Since opening its doors in 1966 with founder Paco’s Manifesto show, Rabanne has always been about making a futurist splash at public events. A tradition continued today outside this show, where scores of posing influencers were still causing a traffic jam on Avenue President Wilson half an hour after the show had finished. Only in Paris Fashion Week, does one have the ideal backdrop for influencers, from the historic settings to the tree-lined boulevards.
Back in the show, Dossena kicked off the action with a quintessentially Rabanne look. A Space Age sex bomb in silver metallic with golden chains and baubles, anchored with some sensational boot high-tech gladiator sandals. Followed by warrior women in metallic tunics, shirts and barely-there sheaths or sequined capes, cut-up cocktails with cowls and dhotis. All of them off to a fun party and not the front line.
Though Dossena’s recent obsession with shaggy mohair looks was hard to fathom, especially in a Spring/Summer 2024 collection shown on a warm fall day. While the sheer repetition of yards of sequins, mini metal plates and dangling balls left you hungry for less of a costume party.
To celebrate 50 years of rap, the house this season linked up with streaming platform Spotify to create Club 57, a series of playlists, podcasts and exclusive drops of French rap. Historically, Paco was the first designer to use Rhodoïd, an acetate similar to LPs, in his shows, and the first to feature music at his catwalks.
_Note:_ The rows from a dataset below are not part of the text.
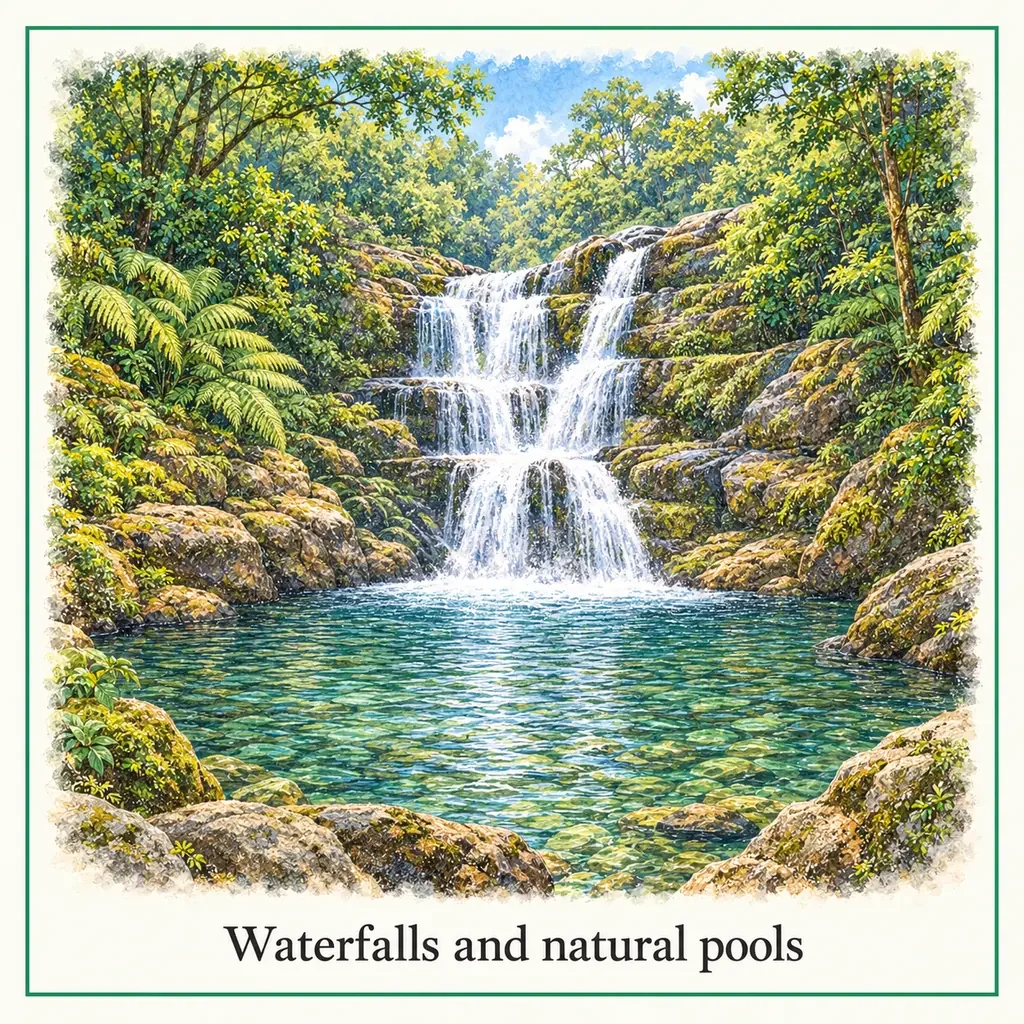 Watercolour postcard of Sri Lanka   Sinharaja Forest Reserve   Waterfalls and Natural Pools 2.0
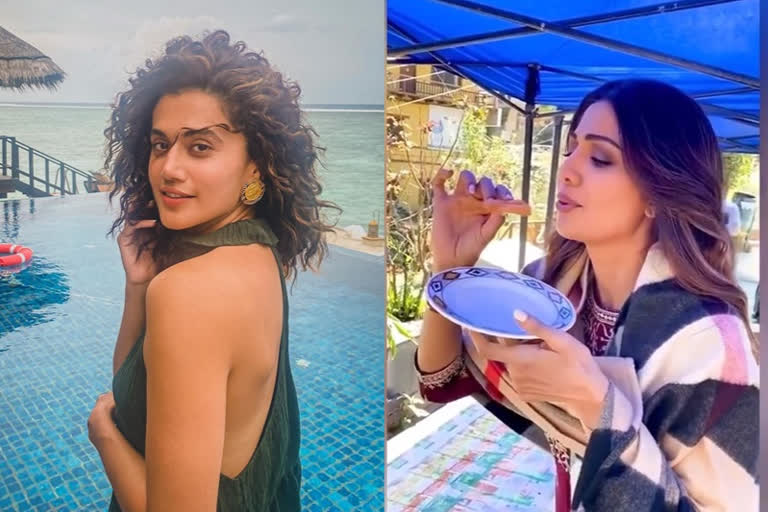 Taapsee back to work mode after vacay, Shilpa relishes 'Sunday Binge' on Hungama 2 sets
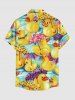 Duck Pond Umbrella Print Hawaii Button Pocket Shirt For Men -  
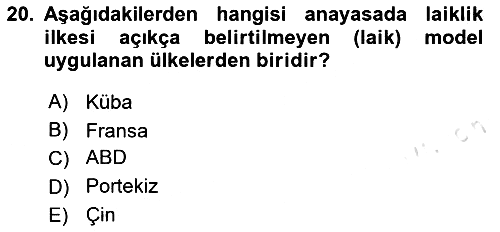 Din Sosyolojisi 2024-2025 Ara Sınav - 20. soru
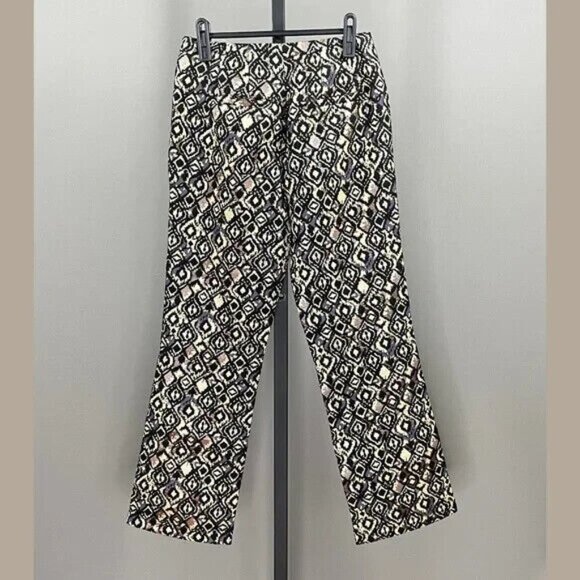 NEW Free People Pants Womens 0 black pink tan flare crop boho geo - Picture 8 of 10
He later opened an art center at 57 boulevard de la Villette, where later French stars like JoeyStarr and Mc Solaar performed.
Ironically, the show music this season was funky electronica, notably Aphex Twin’s Windowlicker.
In a neat gesture, guests left the show with bags of new and suitable Rabanne-like makeup. Its spray on summer paillettes is called Summer Bomb.
At the end, Julien took his bow to considerable applause. A convincing display before the fashion community he has developed while skilfully reviving this house. He has made the brand relevant.
Yet, somehow, after a decade at the house, one couldn’t help thinking, Dossena has largely completed his mission at Rabanne. This very gifted designer may just have said what he has to say at this house Rabanne.